Najważniejsze - fantastycznie się w niej wygląda, tak zawadiacko :D
"Jarosław Kaczyński ugryzł żubra w dupę i to czyni go postacią historyczną."
E tam - zawadiacki wygląd to się posiada we flaneli i obciętych dżinsach, a nie w jakiejś super duper kurtałce
A odpinany kaptur być musi, inaczej nie biorę nawet za darmo.
Agaar pisze:W Montano robią cuda - funkcjonalne, dobrej jakości i w dodatku ładne. Znajomi używają i sobie chwalą.
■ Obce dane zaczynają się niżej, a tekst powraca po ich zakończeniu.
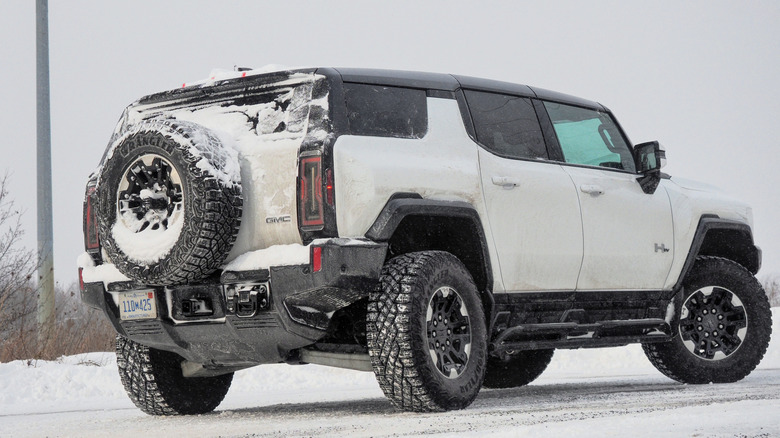 2025 Hummer EV 3X SUV rear 3/4 view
andy67 pisze:A odpinany kaptur być musi
Ale po co? Te kaptury w softshellach są bardzo małe, w dodatku prawie ciągle się ja zakłada na głowę (zwłaszcza w górach).
Chyba nie ma nieprzemakalnych ciuchów (pomijając ceraty).
Ale ja nie chcę softszela (cokolwiek to jest) tylko normalną, uczciwą kurtkę na każdą pogodę. Mogę kupić to samo co mam od ładnych paru lat - czyli Marmot Tamarack (świetna kurtka swoją drogą, choć wtedy była nietania, jakieś ostatnie egzemplarze mają jeszcze np. w 8a), ale rozglądam się, a nuż trafi się "coś pięknego i niedrogo"
Co do przemakania - nawet mój stary Alpinus (97r) dopóki membrana się trzymała (czyli jakieś 5 sezonów) to nie przemakał choćby w największych tatrzańskich ulewach. I do tego jeszcze oddychał.
Komu to k... przeszkadzało ?
Przy okazji pytanie do znawców - czy w takiej kurtce leżącej gdzieś tam w magazynie kilka lat membrana jest dalej jak nowa, czy jednak coś tam się z wiekiem degraduje nawet gdy jej nikt nie używa ?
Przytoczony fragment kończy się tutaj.